[Short descriptive text snippets]
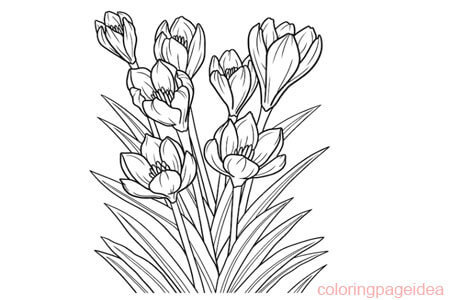 Crocuses Coloring Pages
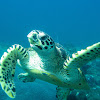 Hawksbill turtle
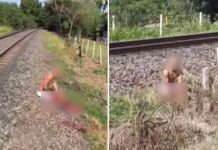 Suspeito de furtar celulares em casa tem parte da perna amputada ao tentar fugir subindo em trem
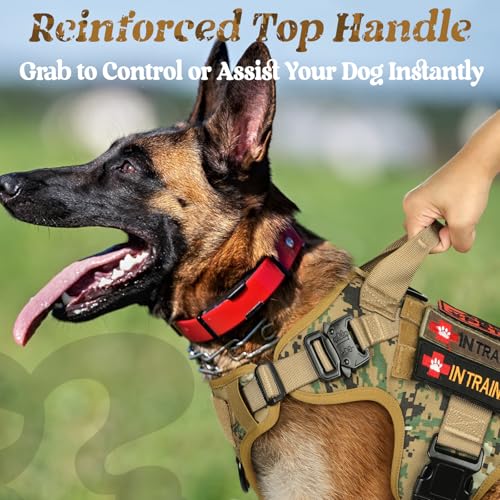 rabbitgoo Tactical Dog Harness X-Large, Heavy Duty Military No Pull Vest - color: Brown Camo, size: X-Large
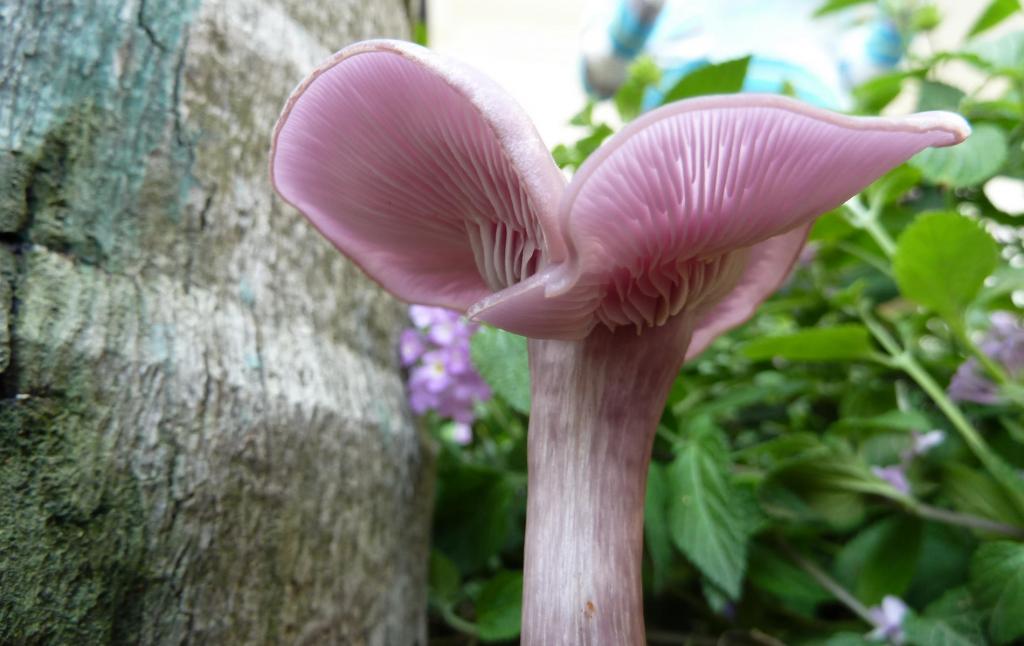 野生菌类蘑菇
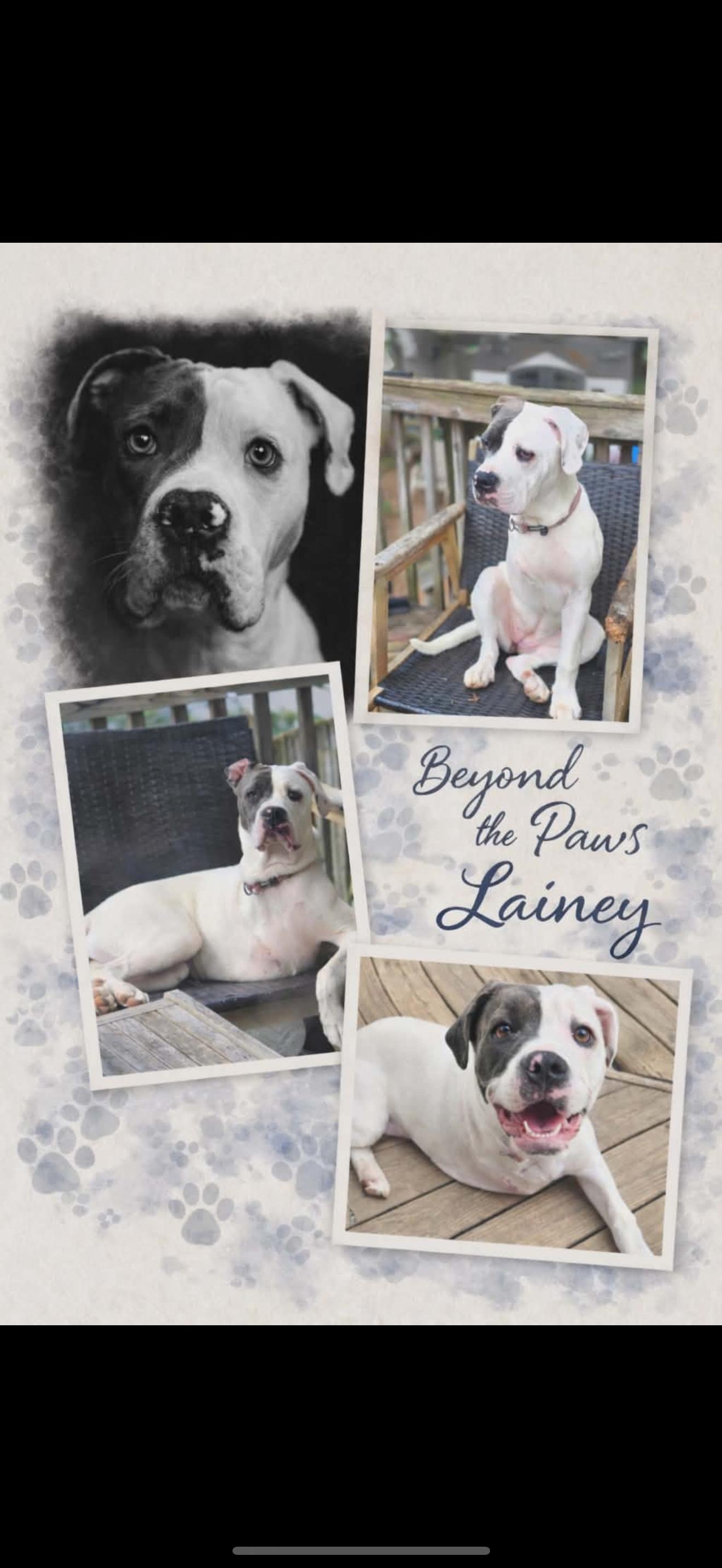 Lainey, ADOPTABLE, Adult Female Cane Corso & American Bulldog.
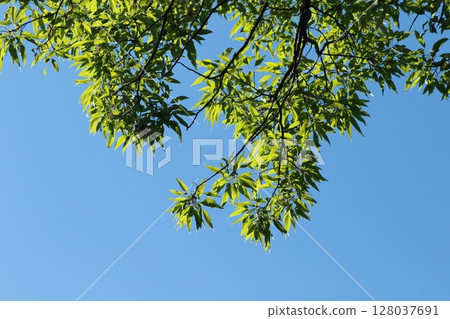 初夏，鋸齒橡樹的嫩葉鬱鬱蔥蔥 128037691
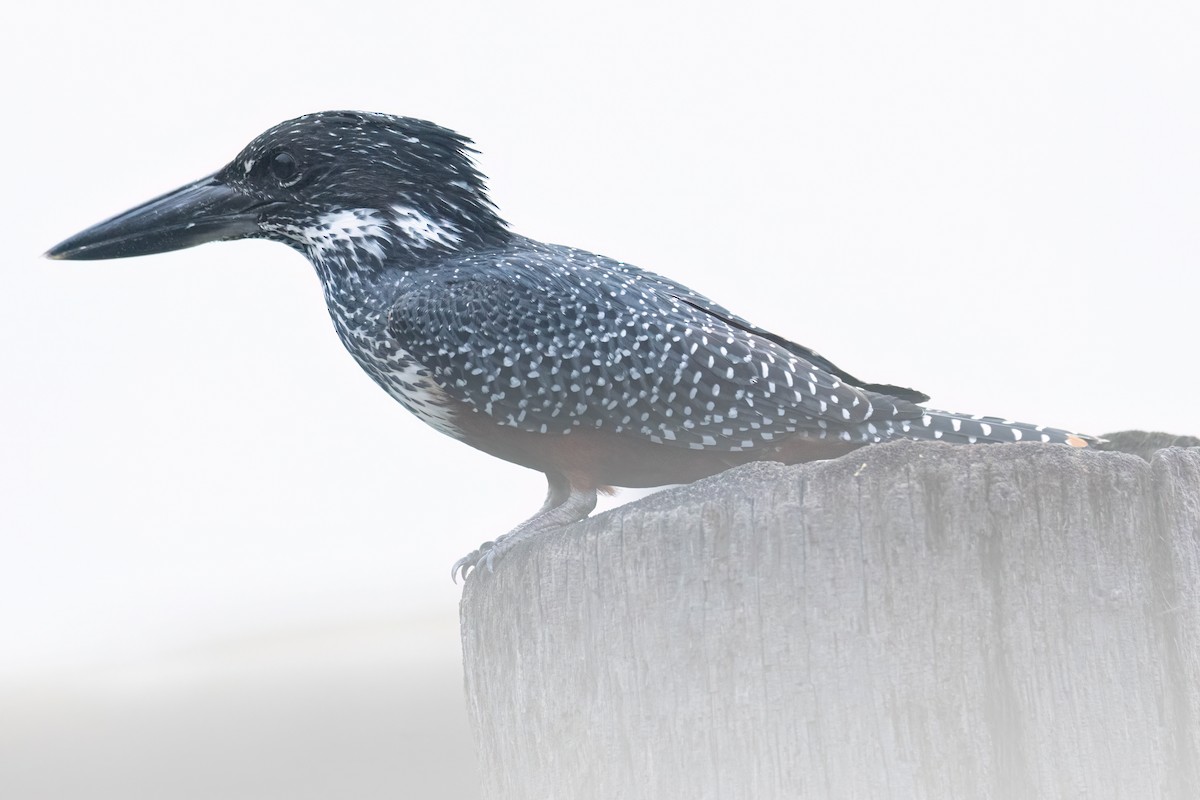 Giant Kingfisher - ML646289908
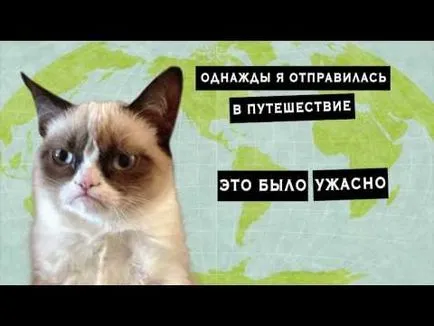 grumpy cat, memepedia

# [Action item]
Pictures stay out; the data above is to be returned exactly.

# [Expected answer]
 Crocuses Coloring Pages
 Hawksbill turtle
 Suspeito de furtar celulares em casa tem parte da perna amputada ao tentar fugir subindo em trem
 rabbitgoo Tactical Dog Harness X-Large, Heavy Duty Military No Pull Vest - color: Brown Camo, size: X-Large
 野生菌类蘑菇
 Lainey, ADOPTABLE, Adult Female Cane Corso & American Bulldog.
 初夏，鋸齒橡樹的嫩葉鬱鬱蔥蔥 128037691
 Giant Kingfisher - ML646289908
 grumpy cat, memepedia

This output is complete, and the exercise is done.